MLKL（混合谱系激酶结构域，如假激酶）是一种众所周知的坏死体核心成分，它在被 RIPK3（受体相互作用的丝氨酸/苏氨酸激酶 3）磷酸化后执行坏死性细胞死亡。最近的研究还暗示 MLKL 在内涵体运输中的作用，这并不总是依赖于 RIPK3。使用小鼠 Neuro-2a 和 L929 以及人类 HEK293 和 HT29 细胞，我们在此显示 MLKL 以依赖于 CAMK2/CaMKII（钙/钙调蛋白依赖性）的方式磷酸化以响应培养基中血清和氨基酸的剥夺蛋白激酶 II) 但不是 RIPK3。饥饿诱导的 MLKL 磷酸化增加伴随着自噬体标志物脂化 MAP1LC3B/LC3B（微管相关蛋白 1 轻链 3 β；LC3-II）和 SQSTM1/p62（sequestosome 1）水平的降低。通过药理学和基因操作破坏 MLKL 或 CAMK2 可以防止这些变化。此外，破坏 MLKL 或 CAMK2 还抑制了 LC3-II 掺入自溶酶体中，证明了 CAMK2-MLKL 途径在促进短期饥饿期间自噬通量的作用，这与抑制自噬通量的坏死性凋亡形成对比。此外，与坏死性凋亡途径不同，饥饿诱发的 CAMK2 介导的 MLKL 磷酸化保护细胞免于饥饿诱导的死亡。

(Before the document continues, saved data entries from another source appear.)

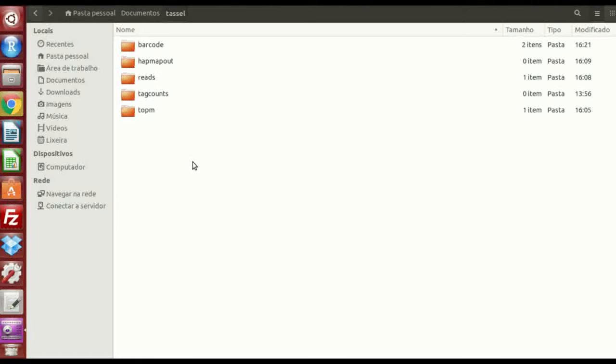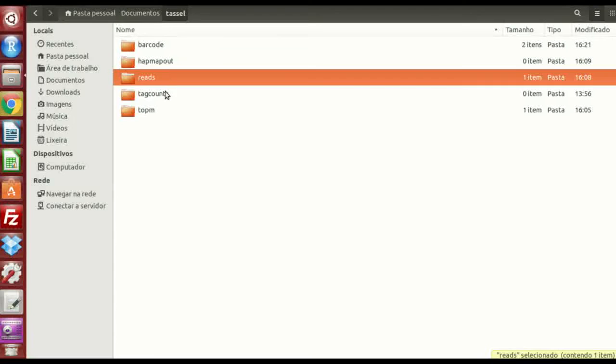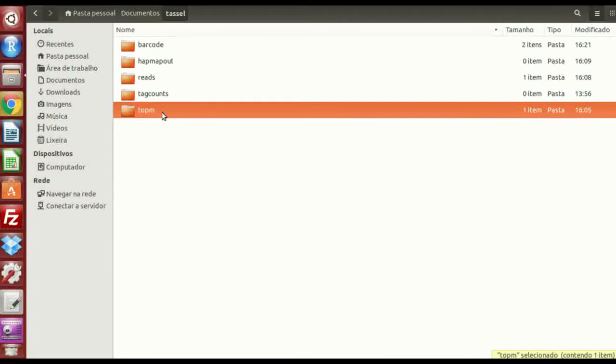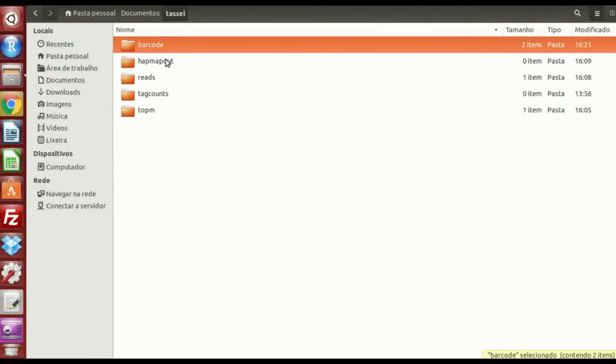The first thing we have to understand is that we have a setup of files to use. I'm going to show you the files I have and how they have to be arranged.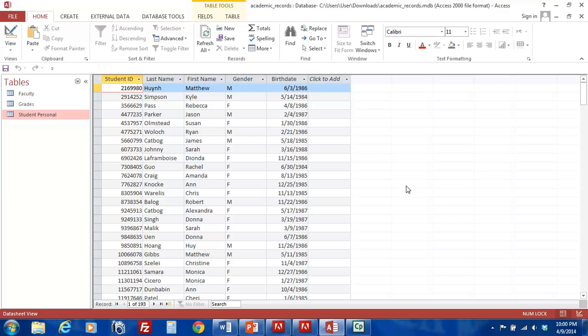Hopefully now you can understand what these various options do and how they impact database accessibility and editing in a multi-user environment. Goodbye now!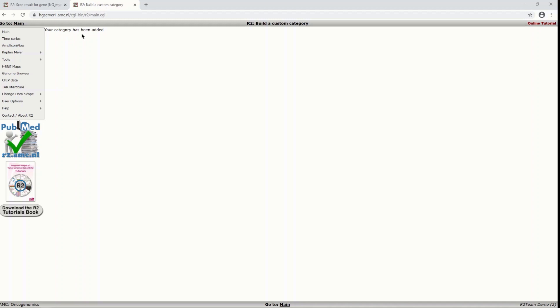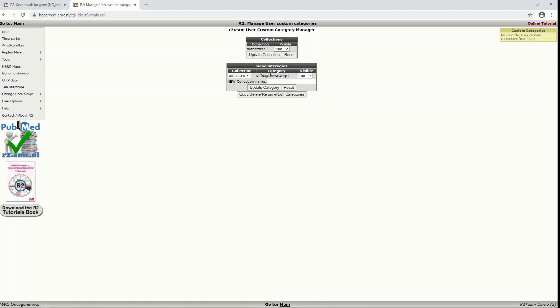And now from now on, you can find it back in user options, categories and manage categories. Here you can see the category that we just generated and that category is available in other analysis as well.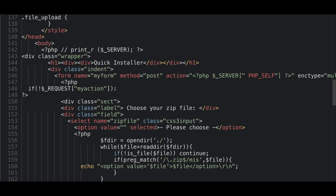This file called unzip.php allowed uploading of malicious files to the server.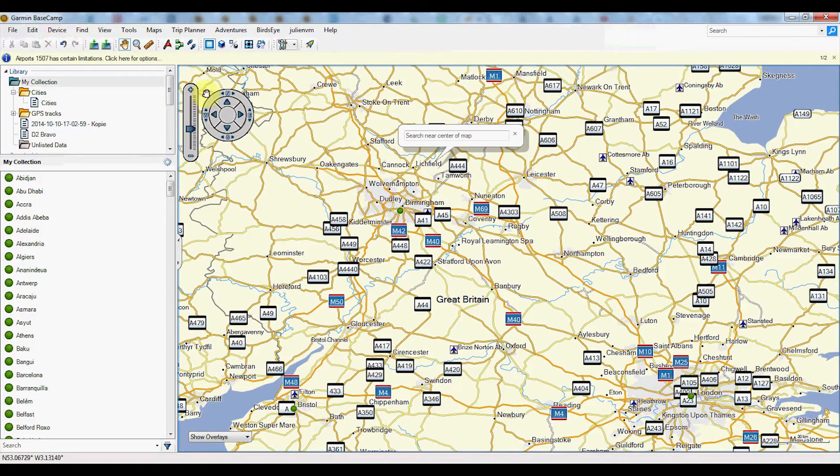Hey guys, so today I'll try to show you how to create a flight plan in Basecamp for Windows and transfer that to your D2 Bravo.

我们提出，在营养剥夺后，MLKL 被 CAMK2 激活，这反过来又促进了自噬体成熟所需的膜断裂，从而使自噬体与溶酶体适当融合并随后进行物质降解。

缩写：CAMK2/CaMKII：钙/钙调蛋白依赖性蛋白激酶 II；DIABLO/SMAC：凋亡结合蛋白的直接抑制剂，具有低 pI/第二个线粒体衍生的半胱天冬酶激活剂；ECS：细胞外溶液；ESCRT：运输所需的内体分选复合物；FBS：胎牛血清；GSK3B：糖原合酶激酶 3 β；HBSS：汉克斯平衡盐溶液；KO：淘汰赛；LC3-II：脂化微管相关蛋白1轻链3β；LDH：乳酸脱氢酶；MLKL：混合谱系激酶结构域，如假激酶；MTOR：雷帕霉素激酶的机制靶点；MTORC1：MTOR复合物1；N2a：Neuro-2a 神经母细胞瘤；Nec-1：necrostatin-1；NSA：坏死性磺胺；PBS：磷酸盐缓冲液；PI：碘化丙啶；PK-hLC3：pHluorin-mKate2-人 LC3；RIPK1：受体相互作用的丝氨酸/苏氨酸激酶 1；RIPK3：受体相互作用的丝氨酸/苏氨酸激酶 3；ROS：活性氧；RPS6KB1/S6K：核糖体蛋白 S6 激酶 B1；shRNA：短发夹RNA；siRNA：小干扰RNA；SQSTM1/p62：隔离体 1；TBS：Tris 缓冲盐水；TNF/TNF-α：肿瘤坏死因子；TSZ，用 TNF + DIABLO 模拟物 + z-VAD-FMK 治疗。